WHAT THE EXERCISE ASKS — Reproduce every entry exactly.

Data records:
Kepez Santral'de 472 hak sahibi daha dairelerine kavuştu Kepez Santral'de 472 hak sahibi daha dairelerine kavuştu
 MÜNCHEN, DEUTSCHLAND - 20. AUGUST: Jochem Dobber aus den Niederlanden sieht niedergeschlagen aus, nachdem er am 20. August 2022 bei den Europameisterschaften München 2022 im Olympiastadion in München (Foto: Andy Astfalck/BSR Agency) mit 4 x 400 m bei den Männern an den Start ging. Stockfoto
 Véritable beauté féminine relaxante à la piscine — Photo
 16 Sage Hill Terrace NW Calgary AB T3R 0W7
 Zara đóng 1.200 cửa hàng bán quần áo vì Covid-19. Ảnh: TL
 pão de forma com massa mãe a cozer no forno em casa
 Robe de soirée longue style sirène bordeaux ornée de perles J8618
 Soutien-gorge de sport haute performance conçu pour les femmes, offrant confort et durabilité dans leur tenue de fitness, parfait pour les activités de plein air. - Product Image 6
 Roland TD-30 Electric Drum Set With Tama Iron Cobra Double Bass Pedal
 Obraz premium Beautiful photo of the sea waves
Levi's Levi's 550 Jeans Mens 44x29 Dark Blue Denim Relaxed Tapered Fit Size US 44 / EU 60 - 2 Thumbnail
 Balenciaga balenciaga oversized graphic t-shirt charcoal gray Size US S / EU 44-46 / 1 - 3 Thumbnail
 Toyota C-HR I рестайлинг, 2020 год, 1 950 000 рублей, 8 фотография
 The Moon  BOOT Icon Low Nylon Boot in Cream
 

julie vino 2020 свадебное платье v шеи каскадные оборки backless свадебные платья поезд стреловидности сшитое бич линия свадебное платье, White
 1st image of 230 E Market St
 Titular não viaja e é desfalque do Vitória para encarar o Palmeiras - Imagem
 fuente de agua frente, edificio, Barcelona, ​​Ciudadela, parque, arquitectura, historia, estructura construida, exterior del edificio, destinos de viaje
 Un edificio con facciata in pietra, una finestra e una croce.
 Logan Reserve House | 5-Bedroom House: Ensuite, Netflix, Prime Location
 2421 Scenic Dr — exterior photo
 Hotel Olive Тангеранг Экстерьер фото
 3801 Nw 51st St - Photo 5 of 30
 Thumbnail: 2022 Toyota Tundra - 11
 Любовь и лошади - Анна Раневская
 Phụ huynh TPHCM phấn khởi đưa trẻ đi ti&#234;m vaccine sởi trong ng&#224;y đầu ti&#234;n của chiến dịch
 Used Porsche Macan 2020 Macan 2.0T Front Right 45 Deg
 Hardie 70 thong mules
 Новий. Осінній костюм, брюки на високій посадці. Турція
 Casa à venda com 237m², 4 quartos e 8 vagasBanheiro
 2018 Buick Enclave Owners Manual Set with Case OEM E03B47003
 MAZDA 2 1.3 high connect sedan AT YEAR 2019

THE COMPLETED TASK —
Kepez Santral'de 472 hak sahibi daha dairelerine kavuştu Kepez Santral'de 472 hak sahibi daha dairelerine kavuştu
 MÜNCHEN, DEUTSCHLAND - 20. AUGUST: Jochem Dobber aus den Niederlanden sieht niedergeschlagen aus, nachdem er am 20. August 2022 bei den Europameisterschaften München 2022 im Olympiastadion in München (Foto: Andy Astfalck/BSR Agency) mit 4 x 400 m bei den Männern an den Start ging. Stockfoto
 Véritable beauté féminine relaxante à la piscine — Photo
 16 Sage Hill Terrace NW Calgary AB T3R 0W7
 Zara đóng 1.200 cửa hàng bán quần áo vì Covid-19. Ảnh: TL
 pão de forma com massa mãe a cozer no forno em casa
 Robe de soirée longue style sirène bordeaux ornée de perles J8618
 Soutien-gorge de sport haute performance conçu pour les femmes, offrant confort et durabilité dans leur tenue de fitness, parfait pour les activités de plein air. - Product Image 6
 Roland TD-30 Electric Drum Set With Tama Iron Cobra Double Bass Pedal
 Obraz premium Beautiful photo of the sea waves
Levi's Levi's 550 Jeans Mens 44x29 Dark Blue Denim Relaxed Tapered Fit Size US 44 / EU 60 - 2 Thumbnail
 Balenciaga balenciaga oversized graphic t-shirt charcoal gray Size US S / EU 44-46 / 1 - 3 Thumbnail
 Toyota C-HR I рестайлинг, 2020 год, 1 950 000 рублей, 8 фотография
 The Moon  BOOT Icon Low Nylon Boot in Cream
 

julie vino 2020 свадебное платье v шеи каскадные оборки backless свадебные платья поезд стреловидности сшитое бич линия свадебное платье, White
 1st image of 230 E Market St
 Titular não viaja e é desfalque do Vitória para encarar o Palmeiras - Imagem
 fuente de agua frente, edificio, Barcelona, ​​Ciudadela, parque, arquitectura, historia, estructura construida, exterior del edificio, destinos de viaje
 Un edificio con facciata in pietra, una finestra e una croce.
 Logan Reserve House | 5-Bedroom House: Ensuite, Netflix, Prime Location
 2421 Scenic Dr — exterior photo
 Hotel Olive Тангеранг Экстерьер фото
 3801 Nw 51st St - Photo 5 of 30
 Thumbnail: 2022 Toyota Tundra - 11
 Любовь и лошади - Анна Раневская
 Phụ huynh TPHCM phấn khởi đưa trẻ đi ti&#234;m vaccine sởi trong ng&#224;y đầu ti&#234;n của chiến dịch
 Used Porsche Macan 2020 Macan 2.0T Front Right 45 Deg
 Hardie 70 thong mules
 Новий. Осінній костюм, брюки на високій посадці. Турція
 Casa à venda com 237m², 4 quartos e 8 vagasBanheiro
 2018 Buick Enclave Owners Manual Set with Case OEM E03B47003
 MAZDA 2 1.3 high connect sedan AT YEAR 2019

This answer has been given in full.